Fremont Councilmember Raj Salwan, at the Nov. 9 council meeting, said Coffey’s words were “inflammatory” and “litigious,” and not the words of a partner.

In an interview, Fremont Councilmember Jenny Kassan said, “I really never expected it to be so hostile.”

For nearly a year, staff from the city and the park district have been conferring to hammer out a potential 25-year extension of the lease for roughly 900 acres of Mission Peak grounds and trails, and the Stanford Avenue parking lot and staging area, which are owned by the city, and leased for free to the park district, which manages the 3,000-acre park.

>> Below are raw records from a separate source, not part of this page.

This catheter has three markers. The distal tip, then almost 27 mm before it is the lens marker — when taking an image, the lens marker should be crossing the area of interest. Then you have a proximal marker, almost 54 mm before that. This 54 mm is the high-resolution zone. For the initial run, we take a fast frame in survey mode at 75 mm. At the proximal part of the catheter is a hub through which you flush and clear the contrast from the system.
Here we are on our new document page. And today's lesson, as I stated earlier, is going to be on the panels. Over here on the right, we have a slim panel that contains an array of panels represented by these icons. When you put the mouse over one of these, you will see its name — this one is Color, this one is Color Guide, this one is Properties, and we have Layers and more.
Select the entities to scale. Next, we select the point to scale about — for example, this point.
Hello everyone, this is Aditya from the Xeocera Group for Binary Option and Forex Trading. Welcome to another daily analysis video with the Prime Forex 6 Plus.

The old lease, created in 1978 and extended in 1993, expired in July 2020, but because of the pandemic, negotiations were put on hold until later in the year, and the lease is currently continuing on a month to month basis.

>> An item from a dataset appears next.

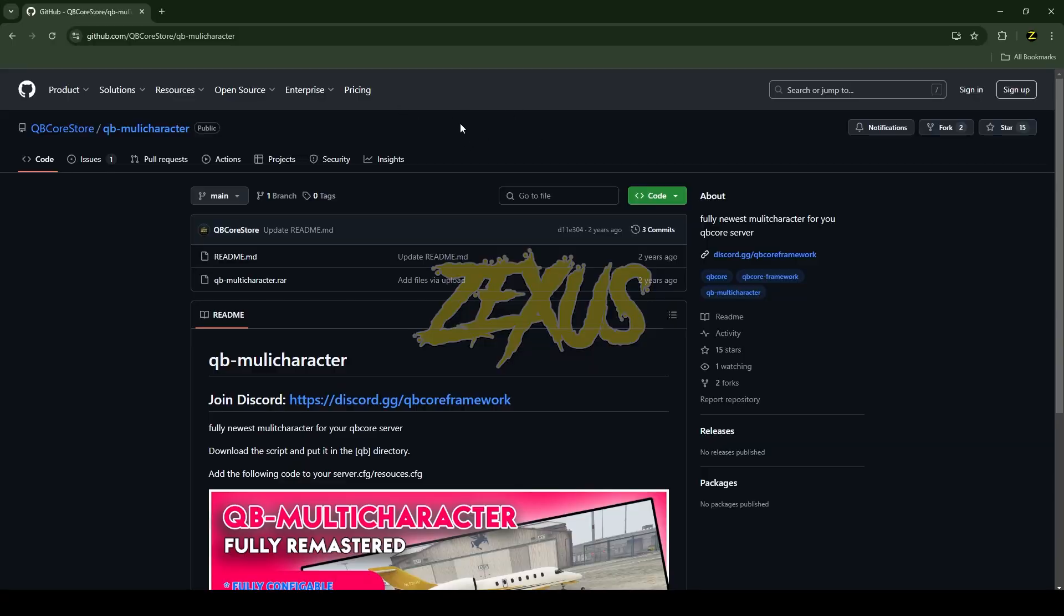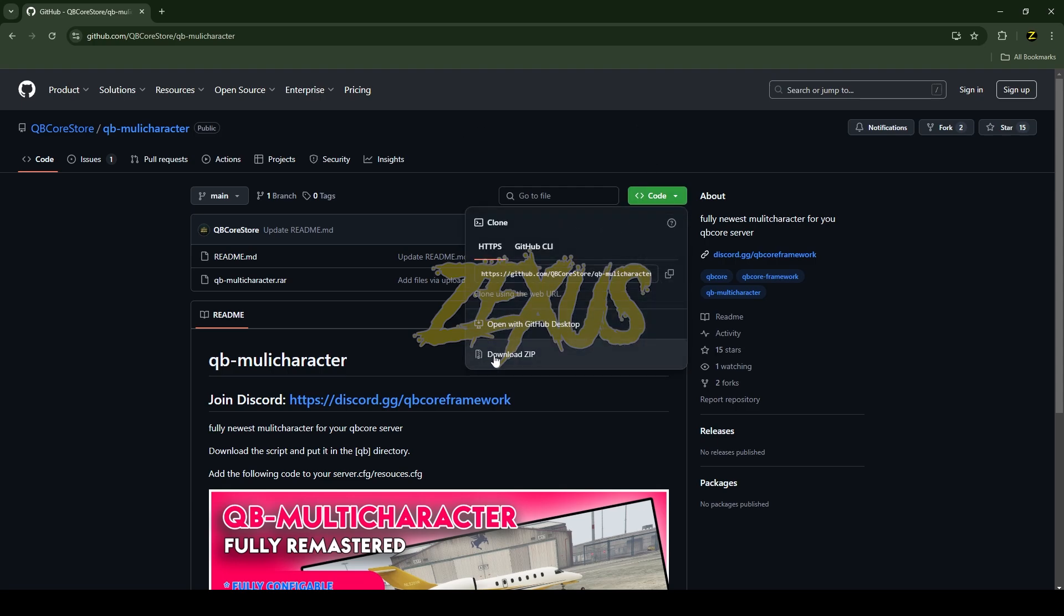This is the script which you are going to install into 5M server. I will be providing the link in the description below. You just need to click on code and download the script.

“This conversation has definitely taken on a life of its own, and it’s made more difficult a working relationship for our council, when they hear people speaking this way about the city,” Geneva Bosques, a spokesperson for Fremont, said in an interview.

The park district board of directors voted earlier this month to approve signing the lease, but the Fremont City Council rejected the agreement at its meeting Nov. 9, citing a number of concerns. One key issue discussed by the council was whether the city would have legal authority in the future to shut down Stanford Avenue in front of the staging area and trailheads, effectively cutting off access to that entrance of the park.

In April and May of 2020, Mark Danaj, the former city manager, and Kimberly Petersen, the former Fremont police chief, both sent letters strongly requesting and then ordering the park district to close off the Stanford Avenue entrance and trails, citing concerns about lack of social distancing between hikers, in violation of county health orders at the time.

Though the park district reluctantly instituted a couple of temporary closures because of Fremont’s demands, when park officials planned to reopen the park in early May, Petersen threatened that she would close off the road leading to it.

“Given the lack of enforcement for social distancing violations at the Stanford Staging Area, and the ongoing danger this presents to public health and community safety, I will close Stanford Avenue in front of the Mission Peak trails, staging area and parking lot that are accessed from Stanford Avenue … unless you choose to extend your own closure of this entrance,” Petersen wrote in an April 30, 2021, letter.

The park district again relented, criticizing the city’s decision as limiting access to public parks during a time when health officials were encouraging outdoor activity, and questioning Petersen’s authority to make such an order and threat.

The park district board of directors was convinced by its staff during its recent Nov. 2 meeting that new, clarified language in the revised lease would ensure the district has “sole authority” over the park operations, including the power to decide on any temporary closures.

“Should a closure like we experienced ever happen again, and the city try to close the park again, we would have a good basis to go into court and seek an injunction,” Carol Victor, the park district’s attorney, said at the meeting.

But Fremont’s attorneys have said they disagree with that interpretation.

“The park district does have the authority over the park, but the city still does have the authority over the streets,” Interim City Attorney Debra Margolis said during the Nov. 9 council meeting.

Deputy City Attorney Bronwen Lacey said Petersen’s authority at the time was under the health and safety code, and had “nothing to do with the lease.” Lacey said if Fremont ever took such an action again, and the park district wanted to take the city to court, “they are welcome to do so.”

“I just don’t see how we can sign a lease when there is such a clear misunderstanding or a divergence of understanding of what the lease actually means,” Councilmember Kassan said at the council meeting.

“We were well within our authority to make that decision,” Mayor Lily Mei said of the city’s earlier actions. “We did not close down the park. What we did is, we decided to close down the street,” she said.

“To suggest that all they were doing was shutting down the street, and not the entrance to the park, is like claiming that Trump is still president. It’s just make-believe; it’s not true,” Coffey said in an interview.

“The purpose and intent of what they did was to shut that park entrance down so people could not access the park from there,” he said.

Dave Mason, a park district representative, said that although the Fremont City Council’s vote to send the lease back for further negotiations was disappointing, the district is still “optimistic that we can come to an agreement.”

Bosques, the city spokesperson, also struck a hopeful tone in an interview.

“They’re the best ones to manage this park and it’s a regional attraction that also has some benefits to the city of Fremont, so we definitely want to see this lease worked out, and on the books,” she said.